El estudio de la historia y la cultura de Grecia y Roma no exige un enfoque o una perspectiva exclusiva o privilegiada: todo lo contrario, requiere y estimula un enfoque amplio y diverso, que fomenta el pensamiento realmente crítico y rechaza el dogmatismo.

El estudio de la lengua, la cultura y la historia de Grecia y Roma (que incluye naturalmente la de España, donde los primeros se asentaron para su mutuo provecho, y desde la que los segundos comenzaron su Imperio), que normalmente llamamos “Griego”, “Latín” y “Cultura Clásica”, no viene a restar tiempo a la docencia de asignaturas indispensables: son materias indispensables del currículum de la secundaria que sirven como la plataforma ideal para contenidos transversales como  la educación en pensamiento crítico, la tolerancia, el respeto a las diferencias basado en su conocimiento, y que fomenta la integración.
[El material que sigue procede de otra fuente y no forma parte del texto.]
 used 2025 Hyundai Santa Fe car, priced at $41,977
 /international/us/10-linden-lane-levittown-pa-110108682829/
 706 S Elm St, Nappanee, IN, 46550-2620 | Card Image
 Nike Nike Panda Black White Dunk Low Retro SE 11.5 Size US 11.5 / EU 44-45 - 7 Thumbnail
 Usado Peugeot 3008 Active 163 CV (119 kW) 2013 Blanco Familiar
Colabora en los contenidos de las materias de Lengua, Literatura, Filosofía e Historia, y ayuda a la formación de una identidad compartida con el resto de los países de Europa. Además de todo ello, una educación secundaria en materias clásicas proporciona la base más firme e intelectualmente satisfactoria para un sistema europeo de educación en valores que proporcione a sus ciudadanos las bases firmes para su formación continuada a lo largo de toda su vida adulta, mucho más allá de la educación universitaria.